In May 2008, our Board of Directors eliminated the position of Interim Chief Executive Officer, which was then held by L. Patrick Gage, and Dr. Gage and Ms. Karen Dawes, who was our Chairperson of the Board at the time, resigned from our Board. The remaining three PDL Board members jointly constituted an Office of the Chair of the Board and the members of our Executive Team reported directly to the Office of the Chair while we continued our search for a new Chief Executive Officer. At that time, we were in the midst of preparing for the Spin-off and evaluating opportunities to sell or securitize all or part of our Royalty Operations and we had not yet completed our restructuring. Because of the strategic importance all of these efforts and the greater uncertainty for executive officers after the elimination of the Interim Chief Executive Officer position and the significant change in the size of our Board of Directors, in June 2008, our Compensation Committee approved additional retention bonuses for our executive officers, and granted restricted stock awards to Dr. McCamish and Mr. Guggenhime, which fully vested upon the Spin-off.

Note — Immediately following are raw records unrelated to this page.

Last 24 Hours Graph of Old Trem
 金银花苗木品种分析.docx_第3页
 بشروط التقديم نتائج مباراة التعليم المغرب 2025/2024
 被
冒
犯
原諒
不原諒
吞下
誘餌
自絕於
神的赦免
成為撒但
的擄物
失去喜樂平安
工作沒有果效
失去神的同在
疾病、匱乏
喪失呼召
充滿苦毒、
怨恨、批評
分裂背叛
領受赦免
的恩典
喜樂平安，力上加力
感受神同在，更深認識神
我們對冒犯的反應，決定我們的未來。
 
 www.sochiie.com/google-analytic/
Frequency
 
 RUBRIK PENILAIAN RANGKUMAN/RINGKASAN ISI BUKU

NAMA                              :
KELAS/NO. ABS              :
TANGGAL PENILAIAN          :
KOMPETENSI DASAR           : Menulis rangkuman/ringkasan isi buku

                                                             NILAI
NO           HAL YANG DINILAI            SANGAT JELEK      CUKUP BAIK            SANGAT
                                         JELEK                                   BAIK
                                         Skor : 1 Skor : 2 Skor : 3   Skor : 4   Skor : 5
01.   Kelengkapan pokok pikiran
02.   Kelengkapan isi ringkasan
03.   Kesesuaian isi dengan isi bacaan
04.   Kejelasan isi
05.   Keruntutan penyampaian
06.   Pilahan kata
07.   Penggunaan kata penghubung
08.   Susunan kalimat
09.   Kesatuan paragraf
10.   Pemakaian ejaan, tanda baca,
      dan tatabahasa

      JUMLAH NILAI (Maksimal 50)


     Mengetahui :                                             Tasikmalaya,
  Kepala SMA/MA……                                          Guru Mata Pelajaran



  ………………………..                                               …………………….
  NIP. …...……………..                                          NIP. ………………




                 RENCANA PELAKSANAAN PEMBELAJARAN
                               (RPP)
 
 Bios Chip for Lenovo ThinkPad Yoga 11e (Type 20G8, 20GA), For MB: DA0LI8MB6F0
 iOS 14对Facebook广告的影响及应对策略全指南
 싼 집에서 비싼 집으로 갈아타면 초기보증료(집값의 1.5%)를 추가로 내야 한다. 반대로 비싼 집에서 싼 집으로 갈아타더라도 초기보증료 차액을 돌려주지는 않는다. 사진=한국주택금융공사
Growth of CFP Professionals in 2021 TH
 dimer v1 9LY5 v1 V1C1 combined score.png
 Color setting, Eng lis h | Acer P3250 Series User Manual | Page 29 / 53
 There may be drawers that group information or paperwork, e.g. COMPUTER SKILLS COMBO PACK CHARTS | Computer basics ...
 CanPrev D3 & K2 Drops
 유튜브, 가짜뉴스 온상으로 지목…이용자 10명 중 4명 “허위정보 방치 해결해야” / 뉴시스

Severance Benefits for Interim Chief Executive Officer

On May 28, 2008, the position of Interim Chief Executive Officer of the Company was eliminated and as a result Dr. Gage’s employment with the Company terminated (the “Separation Date”). Subsequently, the Company entered into a release agreement with Dr. Gage pursuant to which he was provided with a lump sum severance payment equal to $162,500 and reimbursement for reasonable moving expenses up to a limit of $5,000, in return for his release of claims against the Company.

Dr. Gage was not deemed a “participant” under our Executive Retention and Severance Plan.

Severance Benefits for Dr. Murray

On September 19, 2008, we entered into a separation agreement and general release with Dr. Murray. Pursuant to the release agreement, Dr. Murray provided a general release of claims to us and we agreed to make the following payments and provide the following benefits to Dr. Murray:

 

   

a payment of $221,225, which was equal to six months of Dr. Murray’s annual base salary as of his resignation date;

 

   

a payment of $110,613, which was equal to 50% of Dr. Murray’s annual target bonus as of the his resignation date;

 

   

a retention payment of $81,000;

 

   

12 months of Company-paid COBRA benefits, provided that Dr. Murray timely elected COBRA coverage;

 

   

six months of Company-paid outplacement services, provided that Dr. Murray activated such services by November 15, 2008; and

 

   

amendment of certain of Dr. Murray’s fully vested options to purchase an aggregate of 110,313 shares of common stock, which increased the post-termination exercise period for these options from three months following the Resignation Date to nine months following the Resignation Date.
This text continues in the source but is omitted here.